10 Places Where Water and Mold Occurs
10 Unexpected Places Where Water Damage & Mold Creeps Into Your Home
If a fixture or appliance in your home uses water, chances are it will leak at some point. These are 10 places many Dickson homeowners overlook when checking for water damage or mold:
There are two connections under each dishwasher that have the potential for mold and mildew to get started–the water supply and the discharge connection. The water supply needs to be lubricated with the right sealant and properly tightened periodically. The discharge connection involves a rubber hose and clamp, and installing the hose before the dishwasher is installed ensures it is done properly. Hoses wear out over time. If you’re buying an older house, it doesn’t hurt to check the dishwasher connections — especially if there’s an odd smell when you open the door.
- Icemaker Connections
Refrigerators often get moved, either for cleaning or other projects. This can weaken or break the water line connection to the ice maker, causing leaks behind the refrigerator.
- Washing Machine Connections
When installing a washing machine, always install a new hose, using the rubber washers the manufacturer recommends. Also, use Teflon tape and make sure to tighten the connection with vice grips so there are no drips or leaks.
- Hot Water Heater
Many states have laws regarding the installation of hot water heaters, and most of them involve overflow pans that are piped to drain outside the house. The pan must be tilted at least ¼ inch to ensure the water does drain. Newer heaters with quick connect connectors should be properly lubricated and tightened so the shut-off valve doesn’t leak.
- Plastic P-Traps
Under every sink in your home is a “P-Trap,” almost always made of PVC pipe, which expands, and contracts. This process eventually loosens the connection and can cause leaks. Use Teflon tape to seal every P-Trap and check them periodically, tightening them by hand to ensure their connections don’t loosen and leak. Be careful, over tightening PVC can cause it to crack.
- Toilet Connections
The base of the toilet is where most mold grows. Toilets should be installed with a horned wax ring, and then the base of the toilet grouted in with tile grout. The grout serves as a filler between the bowl and the floor to keep the bowl from rocking – which can compromise the wax ring. Also, make sure the toilet supply line is well-connected.
- Shower Doors
To insure proper installation, we recommend shower doors be installed by a licensed plumber. Mold growing at the base of the tub may be from leaking or improperly installed shower doors. Shower doors need caulking on all three rails — the two side rails as well as the bottom rail.

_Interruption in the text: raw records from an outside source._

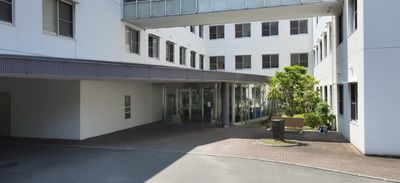 中庭のある建物外観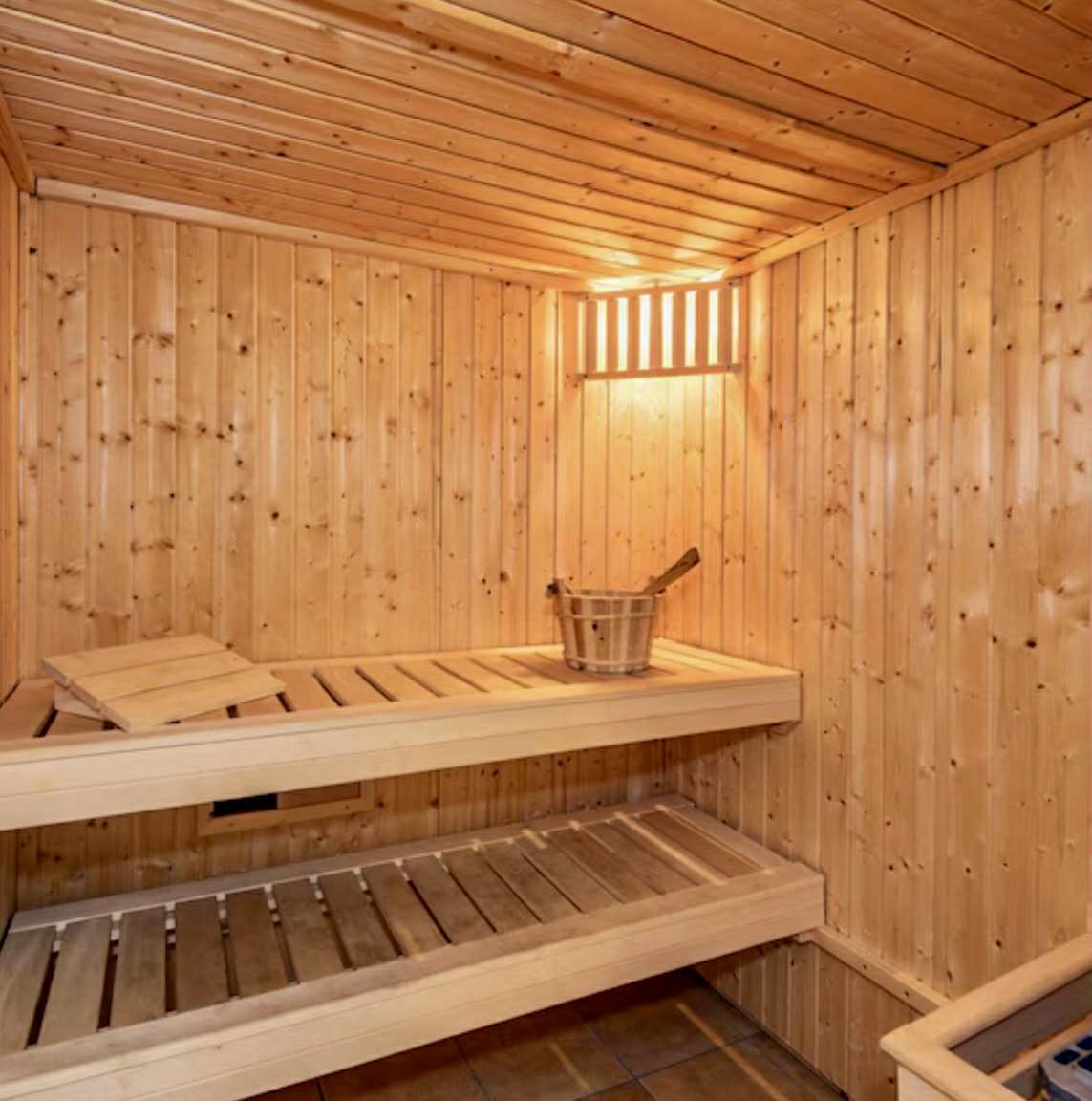 Hier ist die Sauna in unserem Ferienhaus Feldlerche auf Usedom am Stettiner Haff an der Ostsee abgebildet.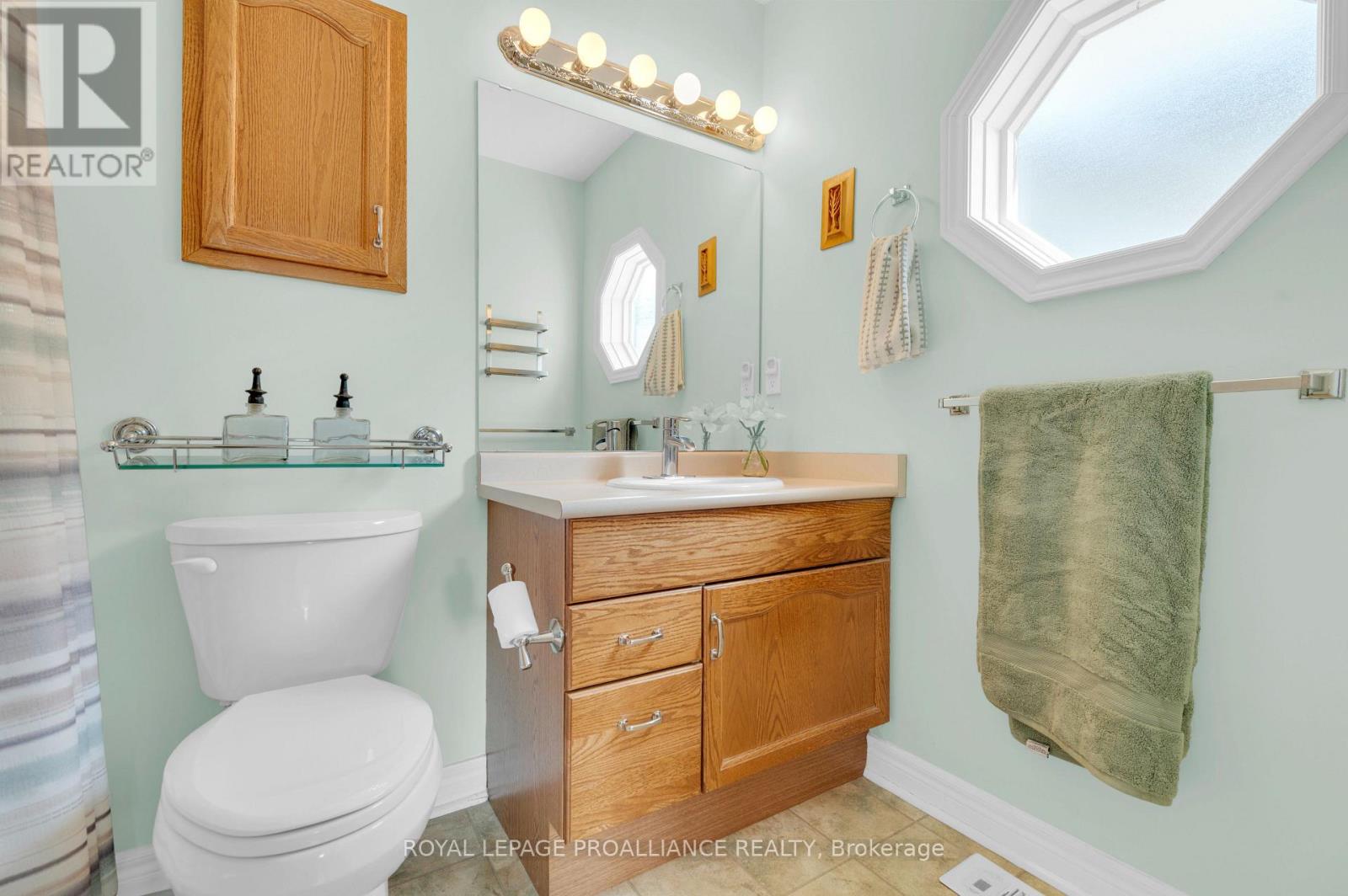 20 LOCKWOOD DRIVE - 24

The best way to prevent a leak from a tub is to make sure it is installed properly. If installed improperly, water and moisture can drip down under the tub causing water damage and mold issues.

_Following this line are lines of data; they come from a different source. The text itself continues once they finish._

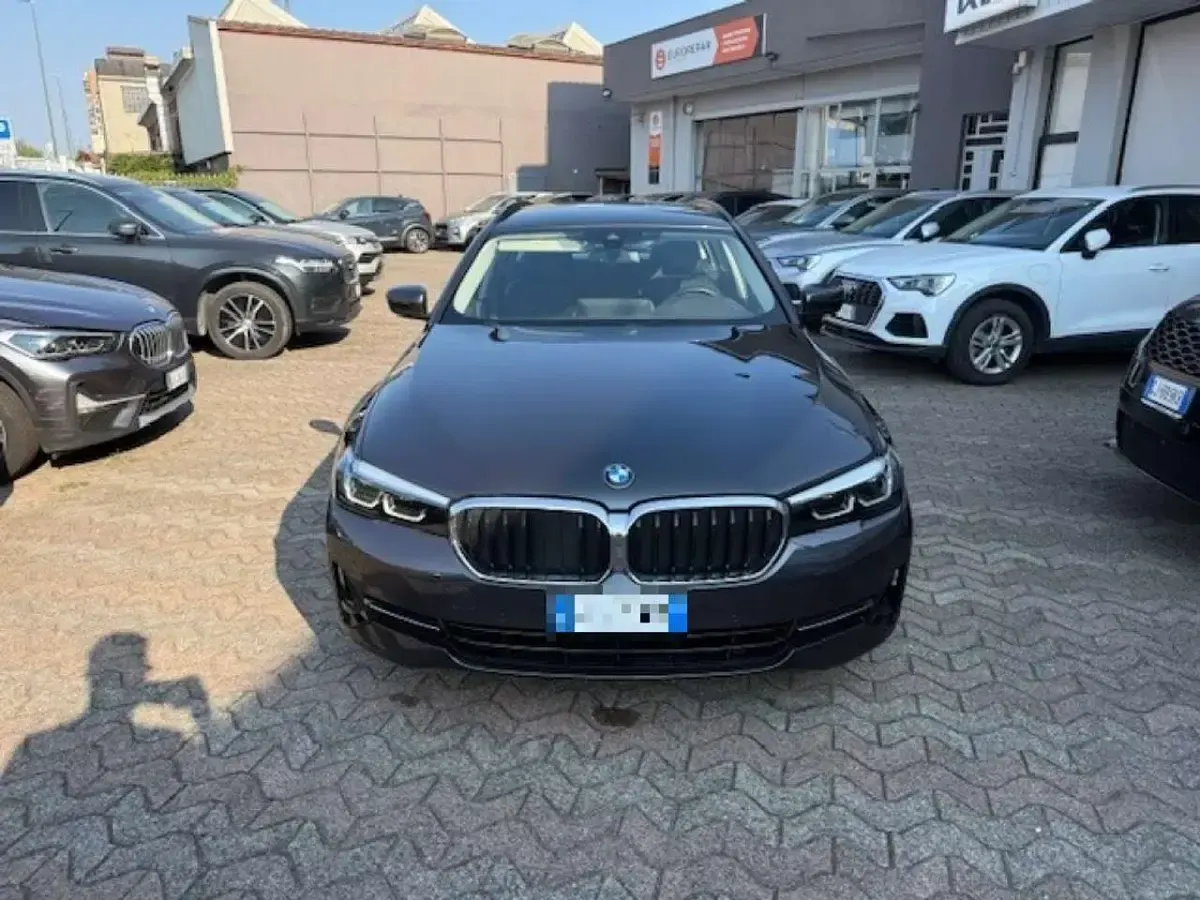 Usata BMW 520 190 CV (139 kW) 2022 Nero Berlina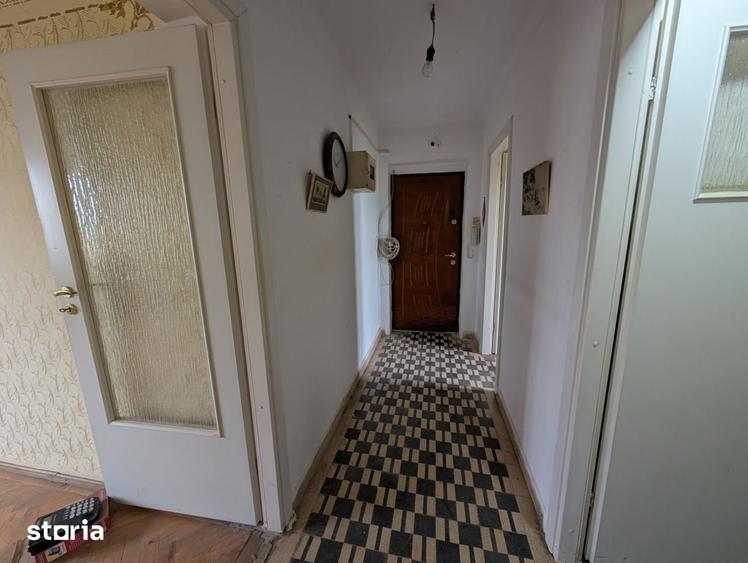 Apartament cu 2 camere decomandat în Banca Națională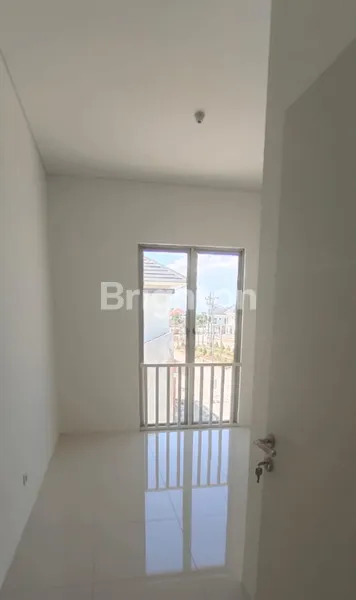 image RUMAH HOOK MINIMALIS MODERN GREENDLAND SIAP HUNI (7)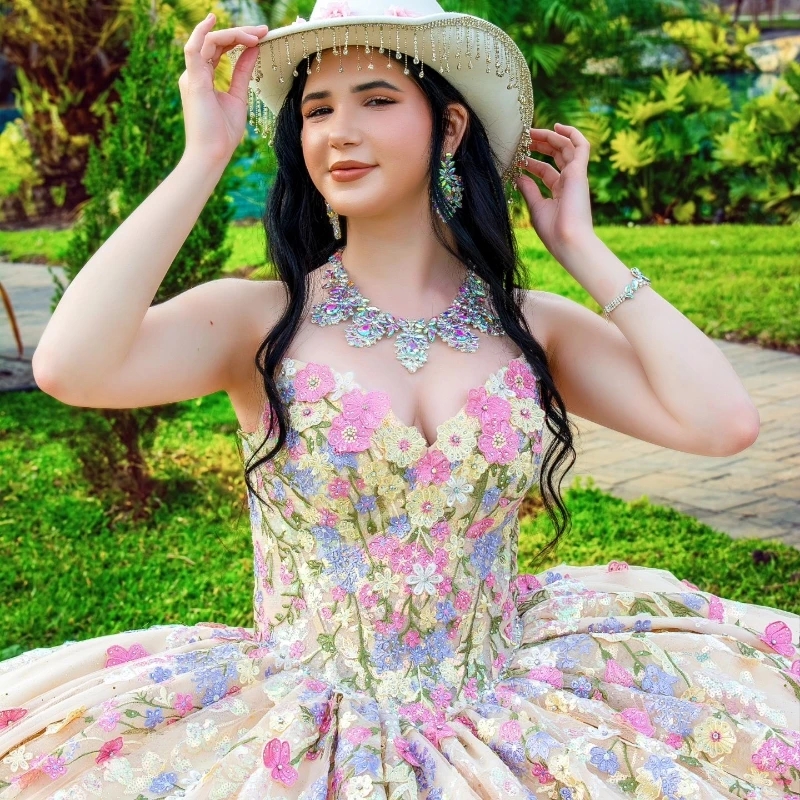 Light Champagne Quinceanera Dresses Off The Shoulder Ball Gown Applique Lace Tull Sleeveless Party Birthday Sweet 16 Vestido De 15 Anos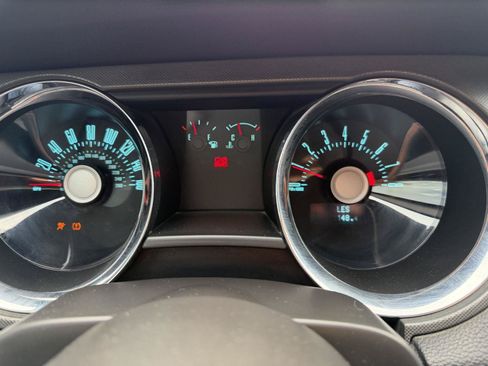 Used 2012 Ford Mustang GT RWD image 12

- Exterior Water Connections
If you’ve used a hose, you know how a poor connection or missing rubber washer can cause water to spray onto the house. This uncontrolled spray allows water to enter the space between the siding or into the wall leading to water damage and mold growth.
- Outdoor Water Sprinklers
Make sure your sprinklers are well away from the house when turned on. The siding on your house is engineered to shed falling water (rain), not sprinklers shooting water up.
If you take the proper precautions and monitor your home regularly, you should be able to avoid mold or at least catch it very early at its onset.